Take 2 of 4: Iron Maiden - The Final Frontier (EMI)

Since their dawn in the early of 1980s Iron Maiden have been detached from their countrymen of NWOBHM by doing an epic, complex metal music. Their new album is a proof of this victorious legacy for the history of Heavy Metal.

Finally, the long awaited The Final Frontier is out. Once again, questions were raised after a string of up-and-down albums/songs since the coming back of the greatest frontman of all times, Bruce Dickinson (I bet you didn’t know his name, duh). Actually,The Final Frontier is the 4th studio album with Dickinson in a row. What to wait after the arguably fiasco of A Matter of Life and Death?

First of all, Iron Maiden fans have to put in mind that after all these years of the most stellar carrier in heavy metal music, the band WON’T return with a new Powerslave or The Number of The Beast. Just like Judas Priest won’t record another Painkiller or British Steel and Metallica won’t deliver another Kill ‘em All or Master of Puppets. This is essential to understand the atmosphere behind The Final Frontier.

If you didn’t notice yet, (and I bet you noticed it) Iron Maiden have been gradually transforming their sound since the days of Blaze Bayley, experiencing new nuances of their base sound, album after album. Repeating myself, the nadir of these experiences resulted in the [album] A Matter of Life and Death, in my opinion one of the greatest delusions for a Iron Maiden fan. (This album has its defenders tho).

And the zenith of the ‘experimental phase’ is The Final Frontier, by far the most progressive album of all Maiden’s discography.

Satellite 15... The Final Frontier, gives the first impression. Along with a four-minute trippy intro, clearly intended to leave the most orthodox Iron Maiden fan totally bewildered, this 8-minute track is completely unusual, weird and.. MARVELLOUS.

Even the track El Dorado, previously released as a freebie in mp3, makes sense in this ambience of spacial mid-paced tempos of the album. The song with its leading bass is where the Steve Harris’ trademark transforms all of us ‘air’ bass players during its execution, with a foot in the monitor, of course.

The next songs, Mother of Mercy and Coming Home, show the versatility of Dickinson, presenting newest interpretations, different of all he has done so far (including his solo carrier). Actually in this CD he sings with gusto, not at gun point as he did in the previous Maiden album.
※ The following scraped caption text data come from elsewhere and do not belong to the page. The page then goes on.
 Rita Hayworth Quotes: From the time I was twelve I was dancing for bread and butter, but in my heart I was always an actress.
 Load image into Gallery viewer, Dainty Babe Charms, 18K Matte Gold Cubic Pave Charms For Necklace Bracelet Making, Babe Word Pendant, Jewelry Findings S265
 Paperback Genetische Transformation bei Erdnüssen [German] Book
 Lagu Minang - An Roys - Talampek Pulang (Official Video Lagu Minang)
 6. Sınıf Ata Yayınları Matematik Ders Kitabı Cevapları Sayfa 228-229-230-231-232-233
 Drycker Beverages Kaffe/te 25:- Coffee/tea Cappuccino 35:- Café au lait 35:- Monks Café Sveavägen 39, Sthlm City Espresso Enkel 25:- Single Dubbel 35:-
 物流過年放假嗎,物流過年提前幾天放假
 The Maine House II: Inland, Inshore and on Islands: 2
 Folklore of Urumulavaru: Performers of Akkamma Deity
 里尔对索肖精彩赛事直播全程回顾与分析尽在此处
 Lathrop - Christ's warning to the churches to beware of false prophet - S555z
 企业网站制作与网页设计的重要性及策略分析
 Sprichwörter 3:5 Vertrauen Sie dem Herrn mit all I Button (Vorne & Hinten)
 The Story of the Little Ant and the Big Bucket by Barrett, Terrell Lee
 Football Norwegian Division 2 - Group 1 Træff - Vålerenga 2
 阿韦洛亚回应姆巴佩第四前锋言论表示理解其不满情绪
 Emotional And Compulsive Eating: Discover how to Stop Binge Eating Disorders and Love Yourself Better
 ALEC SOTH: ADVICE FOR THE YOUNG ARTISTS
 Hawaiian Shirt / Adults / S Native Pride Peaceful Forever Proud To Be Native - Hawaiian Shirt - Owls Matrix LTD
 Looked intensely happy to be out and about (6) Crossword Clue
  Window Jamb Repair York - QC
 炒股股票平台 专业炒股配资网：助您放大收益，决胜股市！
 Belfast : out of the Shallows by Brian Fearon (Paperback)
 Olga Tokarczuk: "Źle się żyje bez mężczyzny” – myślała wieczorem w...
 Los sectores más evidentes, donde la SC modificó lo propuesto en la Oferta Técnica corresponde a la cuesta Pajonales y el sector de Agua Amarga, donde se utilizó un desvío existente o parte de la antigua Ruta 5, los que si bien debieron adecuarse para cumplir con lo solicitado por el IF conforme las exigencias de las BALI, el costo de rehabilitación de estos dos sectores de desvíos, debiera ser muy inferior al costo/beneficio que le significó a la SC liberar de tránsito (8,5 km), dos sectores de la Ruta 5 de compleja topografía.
The Alchemist is the fastest (and the shortest) song of the album. Just imagine the most agitated moments of albums Brave New World and Dance of Death and you’ll get the picture.

The first hightlight moment answers by the name of Island of Avalon. What a excellent tune. It summarizes the progressive idea of the album in one song. Variation of vocals, intrincated guitars, really beautiful melody. In my humble opinion this song alone is one  of the best metal moments of 2010.

Starblind is the lowest moment of the album tho. Not a bad song, just unnecessary, and it could be saved for a B-Side single.

Now the grand finale: in the beginning of this review I said that Iron Maiden are known for the epic nature of their tunes. This time, they trigger three epic moments in a row, in the vein of Rime of Ancient Mariner, Alexander the Great, and so on, for the first time in their career. The three tracks have the same features, lengthy songs and lyrical grandiosity and they are: The Talisman, The Man Who Would Be King and the marvellous When the Wild Wind Blows with its 11 minutes and lyrics that remember me of the movie The day After (if you’re old enough to remember this hehe).

Maybe you think this album is being bland. The reason is that Iron Maiden dared to make a CD with 76 minutes in an age when one doesn’t have time to appreciate one single song. This album takes time to be digested. But once you have made it, it becomes better and better.

The other explanation is that the members of the band were raised in a scenario when the predominant  music was progressive rock. They are showing their true influences here. So take your time and rejoice, because this is a dignified release of the greatest band of history of Heavy Metal.

The Final Frontier is out now on EMI.